» **Exercise requirements**
Reproduce the whole listing, keeping each line as it is.
┏━━
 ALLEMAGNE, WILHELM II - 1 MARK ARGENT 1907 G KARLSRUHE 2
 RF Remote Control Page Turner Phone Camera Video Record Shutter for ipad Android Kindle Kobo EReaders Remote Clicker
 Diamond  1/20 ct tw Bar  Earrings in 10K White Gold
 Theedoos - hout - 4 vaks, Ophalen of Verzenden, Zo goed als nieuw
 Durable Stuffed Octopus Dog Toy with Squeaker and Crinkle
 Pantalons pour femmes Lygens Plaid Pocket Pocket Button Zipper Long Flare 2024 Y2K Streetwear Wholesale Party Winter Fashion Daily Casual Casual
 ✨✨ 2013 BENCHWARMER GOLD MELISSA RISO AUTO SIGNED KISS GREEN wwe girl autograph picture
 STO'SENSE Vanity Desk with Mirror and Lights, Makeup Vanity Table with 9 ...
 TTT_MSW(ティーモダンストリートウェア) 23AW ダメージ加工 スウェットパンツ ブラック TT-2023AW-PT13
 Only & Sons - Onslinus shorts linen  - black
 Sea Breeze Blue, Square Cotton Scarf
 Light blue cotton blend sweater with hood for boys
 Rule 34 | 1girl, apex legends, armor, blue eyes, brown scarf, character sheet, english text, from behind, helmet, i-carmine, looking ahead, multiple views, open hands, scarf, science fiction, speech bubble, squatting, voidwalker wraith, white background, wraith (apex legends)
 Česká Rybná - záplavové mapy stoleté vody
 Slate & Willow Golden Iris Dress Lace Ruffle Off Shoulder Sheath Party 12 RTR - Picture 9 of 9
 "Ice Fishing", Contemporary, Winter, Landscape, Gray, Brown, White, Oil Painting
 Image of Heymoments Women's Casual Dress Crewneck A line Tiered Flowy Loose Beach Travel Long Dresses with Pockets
┗━━
» **Result of this task**
 ALLEMAGNE, WILHELM II - 1 MARK ARGENT 1907 G KARLSRUHE 2
 RF Remote Control Page Turner Phone Camera Video Record Shutter for ipad Android Kindle Kobo EReaders Remote Clicker
 Diamond  1/20 ct tw Bar  Earrings in 10K White Gold
 Theedoos - hout - 4 vaks, Ophalen of Verzenden, Zo goed als nieuw
 Durable Stuffed Octopus Dog Toy with Squeaker and Crinkle
 Pantalons pour femmes Lygens Plaid Pocket Pocket Button Zipper Long Flare 2024 Y2K Streetwear Wholesale Party Winter Fashion Daily Casual Casual
 ✨✨ 2013 BENCHWARMER GOLD MELISSA RISO AUTO SIGNED KISS GREEN wwe girl autograph picture
 STO'SENSE Vanity Desk with Mirror and Lights, Makeup Vanity Table with 9 ...
 TTT_MSW(ティーモダンストリートウェア) 23AW ダメージ加工 スウェットパンツ ブラック TT-2023AW-PT13
 Only & Sons - Onslinus shorts linen  - black
 Sea Breeze Blue, Square Cotton Scarf
 Light blue cotton blend sweater with hood for boys
 Rule 34 | 1girl, apex legends, armor, blue eyes, brown scarf, character sheet, english text, from behind, helmet, i-carmine, looking ahead, multiple views, open hands, scarf, science fiction, speech bubble, squatting, voidwalker wraith, white background, wraith (apex legends)
 Česká Rybná - záplavové mapy stoleté vody
 Slate & Willow Golden Iris Dress Lace Ruffle Off Shoulder Sheath Party 12 RTR - Picture 9 of 9
 "Ice Fishing", Contemporary, Winter, Landscape, Gray, Brown, White, Oil Painting
 Image of Heymoments Women's Casual Dress Crewneck A line Tiered Flowy Loose Beach Travel Long Dresses with Pockets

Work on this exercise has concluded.